Exercise goal =>
Working down the material below, reproduce exactly every line from the one containing "this 1270×952 image." to the last line, and only those.

Supplied data =>
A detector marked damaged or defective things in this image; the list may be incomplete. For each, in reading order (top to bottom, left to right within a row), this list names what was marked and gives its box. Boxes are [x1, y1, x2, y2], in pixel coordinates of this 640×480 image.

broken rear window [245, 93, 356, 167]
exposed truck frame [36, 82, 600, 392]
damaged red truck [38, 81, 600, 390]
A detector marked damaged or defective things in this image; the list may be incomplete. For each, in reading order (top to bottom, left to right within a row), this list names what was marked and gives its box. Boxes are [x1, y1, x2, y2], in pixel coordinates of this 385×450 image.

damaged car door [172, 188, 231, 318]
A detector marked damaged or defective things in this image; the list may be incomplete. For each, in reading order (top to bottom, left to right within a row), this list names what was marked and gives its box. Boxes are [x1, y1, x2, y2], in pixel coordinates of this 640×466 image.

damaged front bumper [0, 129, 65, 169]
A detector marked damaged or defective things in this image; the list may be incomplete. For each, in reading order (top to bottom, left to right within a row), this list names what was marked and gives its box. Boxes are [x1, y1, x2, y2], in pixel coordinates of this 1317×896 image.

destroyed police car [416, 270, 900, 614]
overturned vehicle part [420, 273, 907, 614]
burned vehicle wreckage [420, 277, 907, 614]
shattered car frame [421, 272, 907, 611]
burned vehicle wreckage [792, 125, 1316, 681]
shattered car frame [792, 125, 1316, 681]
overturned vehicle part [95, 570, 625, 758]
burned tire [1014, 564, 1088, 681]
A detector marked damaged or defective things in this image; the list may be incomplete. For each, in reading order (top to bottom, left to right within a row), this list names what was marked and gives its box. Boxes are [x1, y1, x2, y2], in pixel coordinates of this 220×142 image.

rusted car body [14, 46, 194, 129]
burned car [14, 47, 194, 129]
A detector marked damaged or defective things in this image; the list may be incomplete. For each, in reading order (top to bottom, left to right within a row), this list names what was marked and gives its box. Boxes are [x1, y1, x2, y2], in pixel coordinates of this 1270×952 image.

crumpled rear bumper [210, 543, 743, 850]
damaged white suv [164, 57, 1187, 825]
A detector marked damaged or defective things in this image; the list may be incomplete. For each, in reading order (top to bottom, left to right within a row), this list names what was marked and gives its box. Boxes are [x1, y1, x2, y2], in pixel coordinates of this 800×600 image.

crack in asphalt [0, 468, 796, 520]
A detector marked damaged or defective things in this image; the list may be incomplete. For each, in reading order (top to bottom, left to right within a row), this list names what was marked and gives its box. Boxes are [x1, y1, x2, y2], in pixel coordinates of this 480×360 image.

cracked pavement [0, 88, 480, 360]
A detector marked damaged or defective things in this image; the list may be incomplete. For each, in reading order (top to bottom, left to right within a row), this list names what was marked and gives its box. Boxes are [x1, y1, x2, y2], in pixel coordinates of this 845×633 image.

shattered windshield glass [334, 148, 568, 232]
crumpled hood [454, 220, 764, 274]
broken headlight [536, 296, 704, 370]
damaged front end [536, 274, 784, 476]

Solution to this problem =>
A detector marked damaged or defective things in this image; the list may be incomplete. For each, in reading order (top to bottom, left to right within a row), this list names what was marked and gives its box. Boxes are [x1, y1, x2, y2], in pixel coordinates of this 1270×952 image.

crumpled rear bumper [210, 543, 743, 850]
damaged white suv [164, 57, 1187, 825]
A detector marked damaged or defective things in this image; the list may be incomplete. For each, in reading order (top to bottom, left to right within a row), this list names what was marked and gives its box. Boxes are [x1, y1, x2, y2], in pixel coordinates of this 800×600 image.

crack in asphalt [0, 468, 796, 520]
A detector marked damaged or defective things in this image; the list may be incomplete. For each, in reading order (top to bottom, left to right within a row), this list names what was marked and gives its box. Boxes are [x1, y1, x2, y2], in pixel coordinates of this 480×360 image.

cracked pavement [0, 88, 480, 360]
A detector marked damaged or defective things in this image; the list may be incomplete. For each, in reading order (top to bottom, left to right within a row), this list names what was marked and gives its box. Boxes are [x1, y1, x2, y2], in pixel coordinates of this 845×633 image.

shattered windshield glass [334, 148, 568, 232]
crumpled hood [454, 220, 764, 274]
broken headlight [536, 296, 704, 370]
damaged front end [536, 274, 784, 476]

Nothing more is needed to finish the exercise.